Predatory pricing occurs when a seller/company/firm sets significantly low prices for its products or services to minimize the competition. The basic objective of this strategy is to create a monopoly in the target market.
Along with societal or environmental obligations, the core purpose of running a business is to earn profits. But predatory pricing is the opposite concept and it may also include setting the prices even below the break-even point. I.e., sustaining losses. Then why would someone go with a predatory pricing strategy when there are strong chances of suffering financial losses?
How Predatory Pricing works
Before jumping to the detailed explanation of how this pricing strategy works, it is important to know that every firm cannot adopt this strategy. Or, you can say that not every seller has the resources to adopt this pricing strategy. Here is how this thing works:
Stage 1 – Predation
As mentioned above, not every firm can adopt this pricing strategy. Predatory pricing is feasible only for large scale organizations. The process starts with a dominant firm sets its prices below competitive prices. These firms have large scale production units, and their overall costs are already lower than many small-scale production units.

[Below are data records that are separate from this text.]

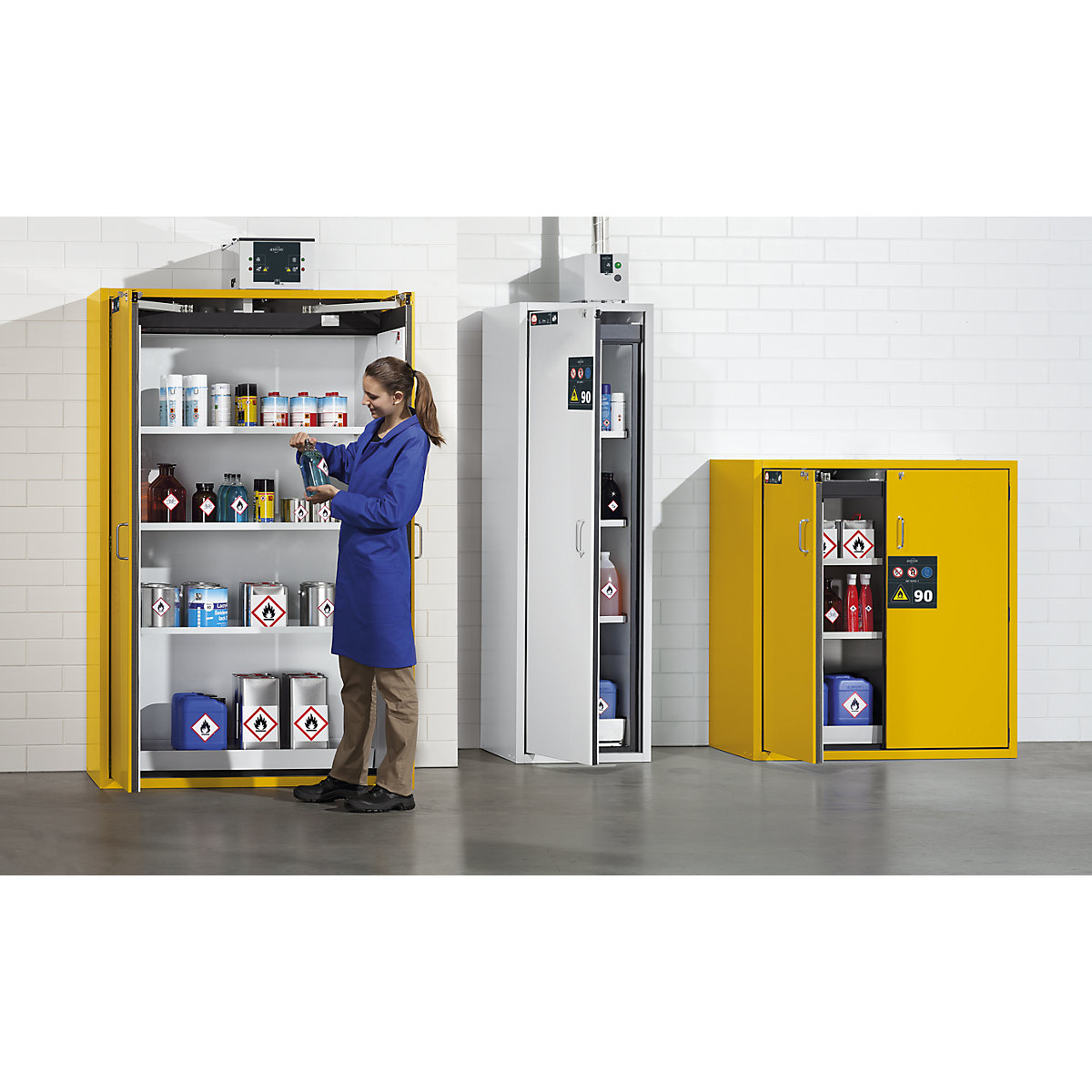 Dulap rezistent la incendiu pentru substanțe periculoase tip 90 – asecos (Imagine produs 2)-1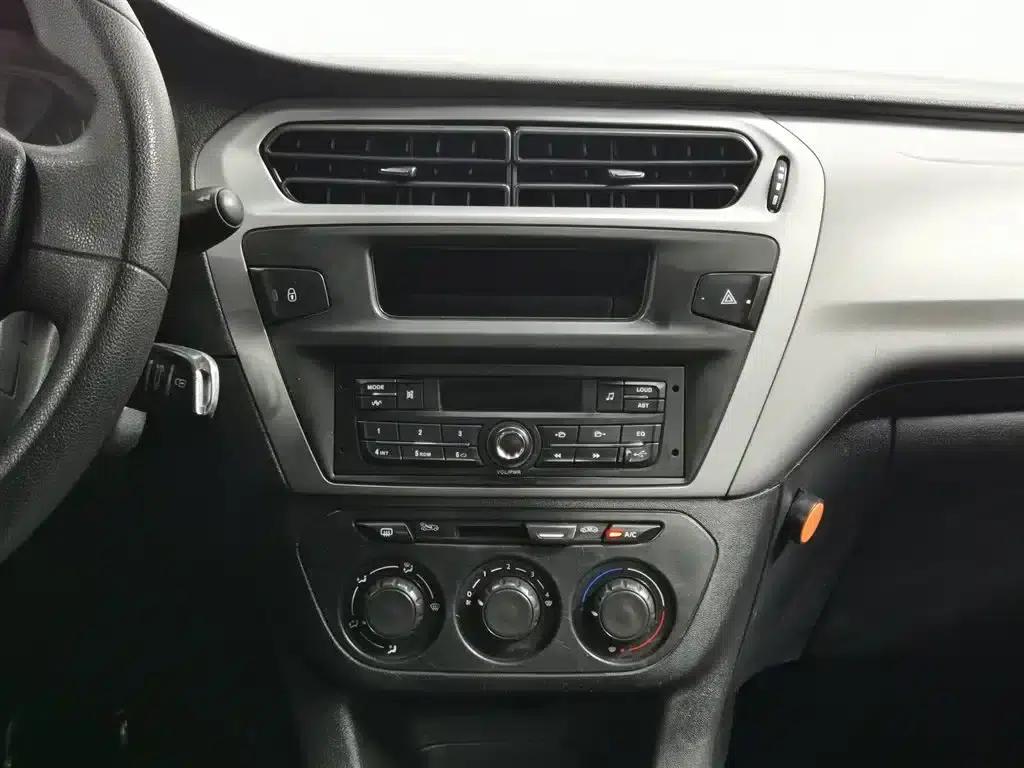 2016 Citroën Elysee 1.6L Manual Fashion Edition — миниатюра 12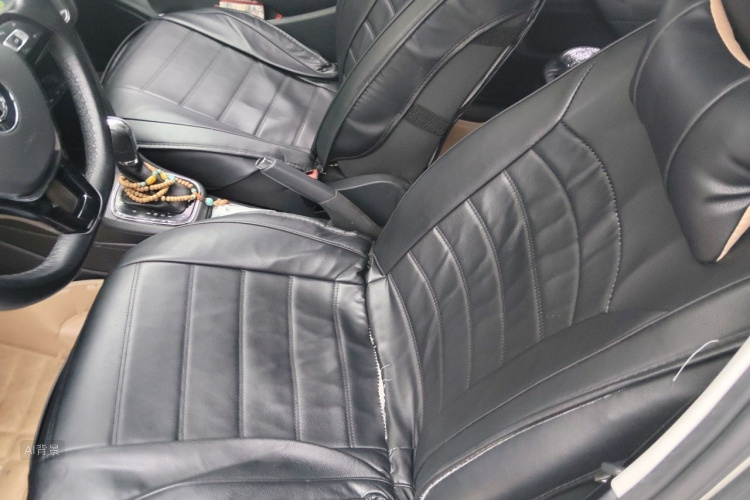 Volkswagen Polo 2019 car image #17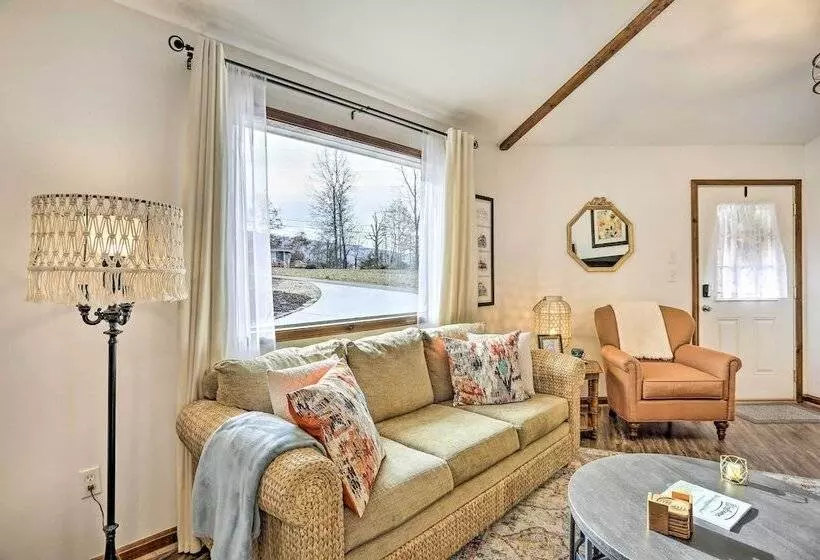 Picturesque Cottage In The Heart Of Trenton!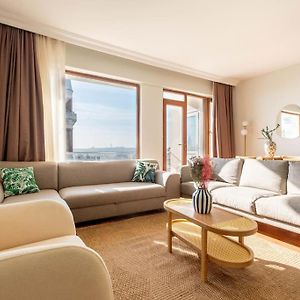 Appartement à 3 Chambres à Coucher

The price reduction will definitely reduce immediate profits, but it will force the competitors to reduce the prices. At this stage, small-scale entities or new entrants may already be thinking about closing their setups. If the competitors also reduce their prices and still operating, the dominant firm will further lower the prices, and this time the firm may start operating at a below-cost rate.
Operating at a below-cost rate will cause immediate losses, but the competitors will have to lower their prices again. This time, there will be no room for many competitors with no other option than closing their operations. These big size firms have massive capitals they can easily negotiate these short-term losses.
Stage 2 – Recoupment
Once the competition reduces and the firm gets desired results, it readjusts its prices according to the remaining competitors in the market. If the competition is negligible, then the price increment is higher and vice versa.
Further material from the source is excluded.